SOS, LA CLASSE MOYENNE AGONISE !

PERTE DE REVENUS, BAISSE DU POUVOIR D’ACHAT, CHARGES ALOURDIES… LA SITUATION ET LES PERSPECTIVES SONT GRISES POUR LA CLASSE MOYENNE AU MAROC. DÉJÀ VULNÉRABLE ET FRAGILISÉE, LE COVID-19 L’INSTALLE DÉFINITIVEMENT DANS LE DOUTE.
La classe moyenne au Maroc est aujourd’hui dans le pétrin.
Les histoires des ménages déclassés, basculant brusquement dans la misère, se suivent et se ressemblent.
C’est le cas de ce traiteur de renommée à Fès qui n’avait d’autre choix que de vendre des légumes dans la rue. Ou encore ce cadre supérieur
à Casablanca qui, suite à la réduction de son salaire, n’arrive plus à payer sa traite bancaire immobilière, ni à faire face aux charges de scolarité de ses enfants dans le privé. Sa femme, elle, a simplement perdu son travail. Ils étaient obligés de rejoindre le foyer des parents avec leurs deux enfants, mettre leur appartement en location et inscrire leurs enfants dans l’enseignement public ! Ces histoires esquissent le visage de la crise qui
s’abat actuellement sur la classe moyenne marocaine. Dans sa note stratégique sur l’impact social & économique de la crise du covid-19 au Maroc, le HCP note qu’en raison de la crise économique et sociale déclenchée par le virus, la proportion des personnes « vulnérables à la pauvreté » et/ou « pauvres » pourrait passer de 17,1% de la population en 2019 à environ 19.87% en 2020, soit 1,058 millions de personnes additionnelles. Et les nouvelles estimations de la Banque mondiale,basées sur le revenu par habitant, indiquent que l’incidence de la pauvreté pourrait atteindre 6.6% en 2020.
UN TAUX DE CHÔMAGE HISTORIQUE
« Il faudrait s’attendre à une hausse du nombre de chômeurs en cette période. La classe moyenne étant aujourd’hui constituée majoritairement de salariés et personnes issues de professions libérales qui sont dans une situation vulnérable. Il y a en effet risque d’installation dans une pauvreté extrême», alerte Driss Effina, économiste et président du Centre indépendant
des analyses stratégiques.
La dernière la note de conjoncture publiée par la direction des études et des prévisions financières (DEPF) enfonce le clou. Les chiffres du marché de travail lors du second trimestre de l’année, font état d’une perte de 589.000 emplois dont 520.000 signalés en milieu rural contre une création annuelle moyenne de 64.000 postes au cours des trois dernières années.
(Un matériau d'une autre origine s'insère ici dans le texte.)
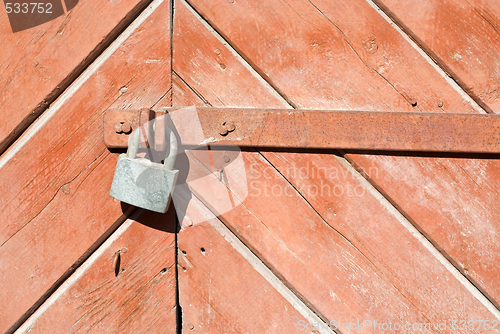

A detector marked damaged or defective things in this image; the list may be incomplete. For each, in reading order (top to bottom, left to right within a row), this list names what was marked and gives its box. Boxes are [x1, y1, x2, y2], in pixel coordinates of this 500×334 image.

rusty metal bar [103, 107, 500, 153] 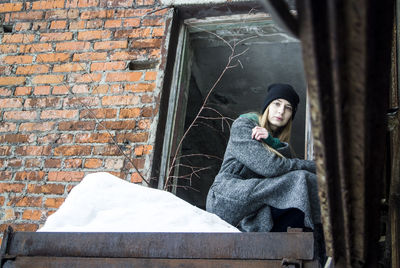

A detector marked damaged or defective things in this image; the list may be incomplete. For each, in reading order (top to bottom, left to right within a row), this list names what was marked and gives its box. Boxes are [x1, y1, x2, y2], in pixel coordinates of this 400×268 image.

rusty metal surface [3, 231, 316, 260]
rusty metal surface [290, 0, 396, 266] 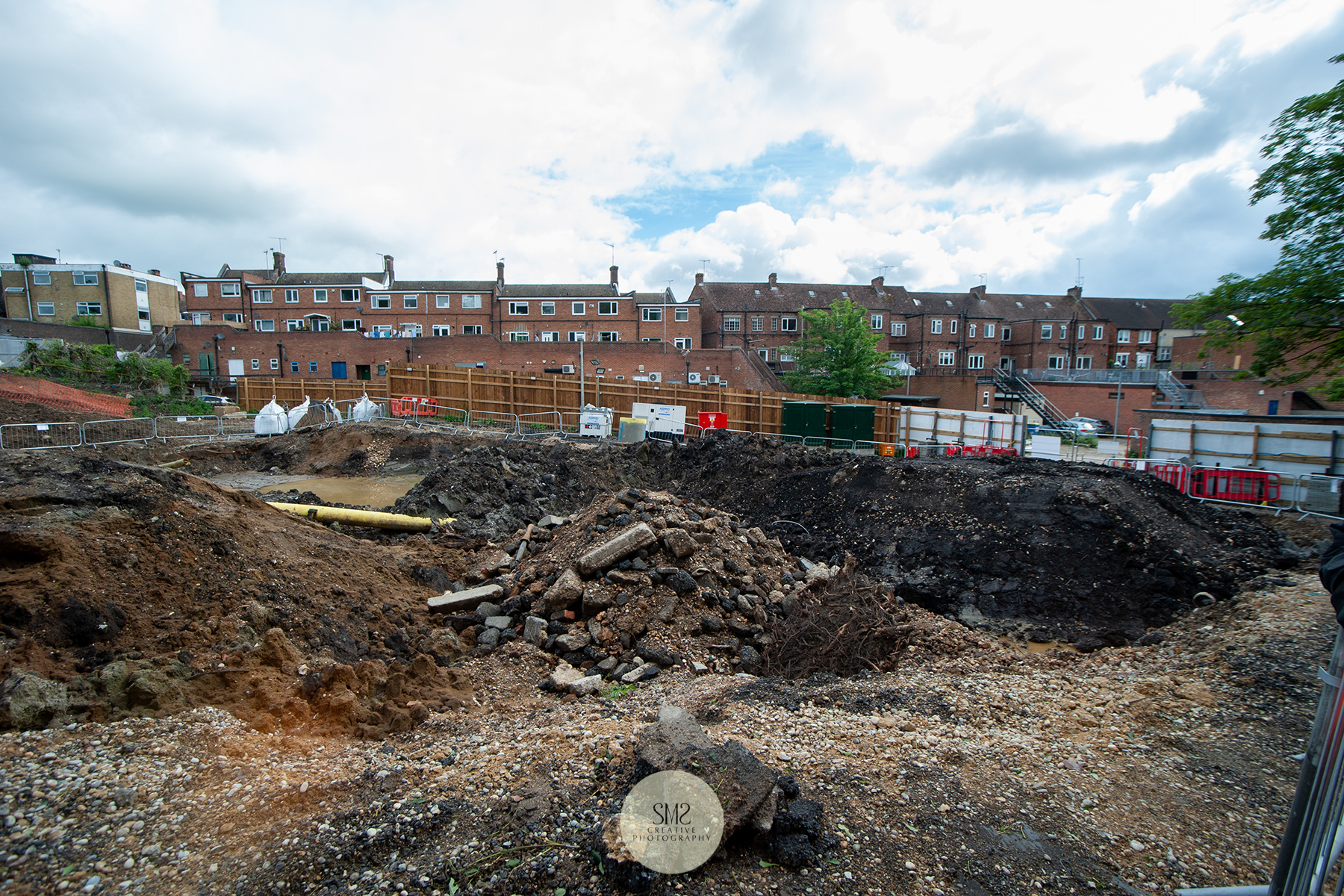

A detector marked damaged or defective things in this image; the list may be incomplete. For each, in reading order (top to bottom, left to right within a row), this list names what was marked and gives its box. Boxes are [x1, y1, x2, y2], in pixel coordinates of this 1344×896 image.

broken concrete slab [578, 526, 656, 575]
broken concrete slab [427, 585, 503, 612]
L’emploi rémunéré a canalisé 264.000 des postes perdus au niveau national (-31.000 postes au milieu urbain et -233.000 au milieu rural). Quant à l’emploi non rémunéré, il s’est contracté de 325.000 postes, recouvrant une perte de 38.000 emplois en zones urbaines et de 287.000 en zones rurales.
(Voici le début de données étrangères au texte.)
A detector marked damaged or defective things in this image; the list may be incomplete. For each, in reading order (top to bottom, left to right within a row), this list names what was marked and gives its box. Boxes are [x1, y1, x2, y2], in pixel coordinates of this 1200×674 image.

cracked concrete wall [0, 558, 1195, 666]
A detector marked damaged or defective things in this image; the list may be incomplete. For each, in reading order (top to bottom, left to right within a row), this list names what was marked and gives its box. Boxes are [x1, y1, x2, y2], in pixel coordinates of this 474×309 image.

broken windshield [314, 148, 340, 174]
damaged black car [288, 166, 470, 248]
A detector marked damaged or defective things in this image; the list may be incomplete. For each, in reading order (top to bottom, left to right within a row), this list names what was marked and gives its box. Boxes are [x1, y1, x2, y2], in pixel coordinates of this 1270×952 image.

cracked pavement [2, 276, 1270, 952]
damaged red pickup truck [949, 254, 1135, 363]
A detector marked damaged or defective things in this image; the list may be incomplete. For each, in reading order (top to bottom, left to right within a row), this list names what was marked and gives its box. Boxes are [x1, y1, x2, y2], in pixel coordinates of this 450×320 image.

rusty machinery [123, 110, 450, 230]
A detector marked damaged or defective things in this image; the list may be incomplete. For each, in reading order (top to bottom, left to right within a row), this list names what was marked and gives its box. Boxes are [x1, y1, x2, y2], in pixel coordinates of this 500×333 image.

Cette évolution a concerné l’ensemble des secteurs d’activité, notamment l’agriculture, forêt et pêche (-477.000 postes), les services (-30.000 postes), l’industrie y compris l’artisanat (-69.000 postes) et, dans une moindre mesure, le BTP (-9.000 postes). Par conséquent, la DEPF note que le taux de chômage a atteint durant le deuxième trimestre 2020, 12,3%, en augmentation de 4,2 points par rapport à l’année précédente soit un pic historique jamais atteint depuis 2004.
Cette augmentation du taux chômage a été enregistrée exclusivement parmi les personnes ayant déjà travaillé. Les catégories les plus touchées sont les 15 à 24 ans (+11,2 points à 33,4%), les diplômés (18,2%) et les femmes (15,6%).
COUP DUR POUR LE POUVOIR D’ACHAT
En conséquence, au lieu de remplir sa vocation de moteur de la croissance, la classe moyenne est aujourd’hui obligée de réduire son train de vie et ses ambitions de consommation. Ainsi, les personnes issues de cette classe réduisent sensiblement leurs dépenses par manque d’argent ou pour pouvoir faire face aux aléas de la crise. «Il y a une régression du pouvoir d’achat généralisée en ce moment. Qui dit baisse de pouvoir d’achat, dit automatiquement baisse de la consommation. Ceci va donc impacter et retarder les décisions d’achats de biens durables (voitures, logement, équipements…) jusqu’à ce que la vision soit plus claire. Aussi, le coronavirus va certainement impacter l’épargne des ménages. Puisque généralement, les personnes font appel les moments de crise à leur petite épargne surtout ceux qui ont vu leurs salaires diminuer, ou ont perdu totalement leur emplois» analyse Effina.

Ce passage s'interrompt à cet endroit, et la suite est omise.